Archive for November, 2018

TPW TV — Billingsley Ranch

Friday, November 2nd, 2018

Billingsley Ranch

This is Passport to Texas

The Billingsley Ranch in the Trans-Pecos is made up of pristine Chihuahuan dessert grassland. Shortly after buying the ranch in 2008, Stuart Sasser said a wildfire set him back to square one.

And it came up through here and burned about seventy percent of this ranch.
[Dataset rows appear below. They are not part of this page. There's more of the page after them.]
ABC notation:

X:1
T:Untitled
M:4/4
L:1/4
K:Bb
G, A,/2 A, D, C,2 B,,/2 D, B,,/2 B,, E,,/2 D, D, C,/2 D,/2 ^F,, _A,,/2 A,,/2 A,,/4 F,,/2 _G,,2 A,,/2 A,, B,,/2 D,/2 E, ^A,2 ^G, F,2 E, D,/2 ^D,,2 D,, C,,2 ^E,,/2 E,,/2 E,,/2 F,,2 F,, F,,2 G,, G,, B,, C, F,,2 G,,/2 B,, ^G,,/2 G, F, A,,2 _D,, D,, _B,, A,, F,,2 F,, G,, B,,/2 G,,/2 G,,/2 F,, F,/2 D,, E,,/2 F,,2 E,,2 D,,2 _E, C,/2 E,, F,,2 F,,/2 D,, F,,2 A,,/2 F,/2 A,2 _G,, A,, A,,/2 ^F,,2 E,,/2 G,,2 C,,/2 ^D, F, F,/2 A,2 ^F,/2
We were able then to start completely over with a new set of fences that were antelope friendly type fences.  And build a new type of water system.

In an upcoming segment on the Texas Parks and Wildlife TV series, viewers see the ranch and meet, Sasser: a 2018 Lone Star Land Steward Award recipient. Michael Sullins is a Natural Resource Specialist with Texas Parks and Wildlife.
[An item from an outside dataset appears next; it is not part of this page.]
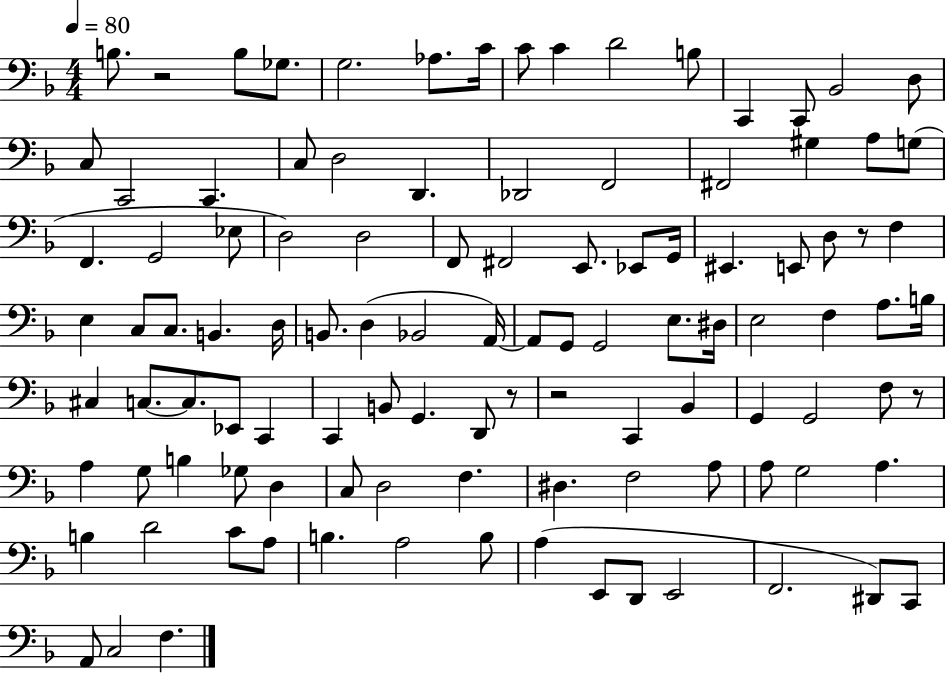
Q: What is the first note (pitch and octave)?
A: B3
Stuart’s approach to management out here is not really all from a cattle production perspective. He has a holistic view of the place; he wants to improve it for the native wildlife.

Whitney Gann is a Research Scientist with Borderlands Research Institute. She says the ranch’s prime grassland habitat made it an ideal place to translocate pronghorn.
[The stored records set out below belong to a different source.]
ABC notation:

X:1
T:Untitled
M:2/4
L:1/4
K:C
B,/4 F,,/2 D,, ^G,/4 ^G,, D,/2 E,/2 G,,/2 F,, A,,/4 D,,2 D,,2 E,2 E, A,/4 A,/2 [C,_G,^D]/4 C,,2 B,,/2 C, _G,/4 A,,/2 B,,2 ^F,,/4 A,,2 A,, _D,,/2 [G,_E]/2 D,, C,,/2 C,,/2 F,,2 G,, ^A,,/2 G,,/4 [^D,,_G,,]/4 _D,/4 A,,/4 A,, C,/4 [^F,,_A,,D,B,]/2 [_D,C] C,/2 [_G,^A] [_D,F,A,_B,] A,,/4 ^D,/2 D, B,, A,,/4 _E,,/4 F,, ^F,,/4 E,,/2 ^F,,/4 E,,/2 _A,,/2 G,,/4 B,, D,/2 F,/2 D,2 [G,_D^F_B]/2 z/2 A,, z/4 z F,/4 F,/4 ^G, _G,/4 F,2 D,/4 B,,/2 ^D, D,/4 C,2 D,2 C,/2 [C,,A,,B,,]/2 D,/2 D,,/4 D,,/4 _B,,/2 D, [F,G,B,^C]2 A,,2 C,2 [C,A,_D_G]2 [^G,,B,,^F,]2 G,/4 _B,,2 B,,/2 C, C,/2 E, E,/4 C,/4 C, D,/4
We’ve completed seven translocations since 2011, the Hughes Sasser ranch served as our release sight for pronghorn in 2016, and the results of these translocations is an upturn in the population, and so we’ve actually doubled our population size since 2012 to today.

A segment featuring innovations on the Billingsley Ranch airs the week of November 4 on the Texas Parks and Wildlife TV show on PBS.

The Wildlife Restoration program supports our series.

For Texas Parks and Wildlife, I’m Cecilia Nasti.

It’s Buck Fever Season

Thursday, November 1st, 2018

 Trophy buck taken by Tom Roughton with guide Rene Garza.

This is Passport to Texas

As you round a bend during a hike, you spy a buck with large, flawless antlers. Your heart races; your breathing becomes shallow; your nerves tingle. Hunters call this: buck fever. And it’s caused by the sight of perfect antlers.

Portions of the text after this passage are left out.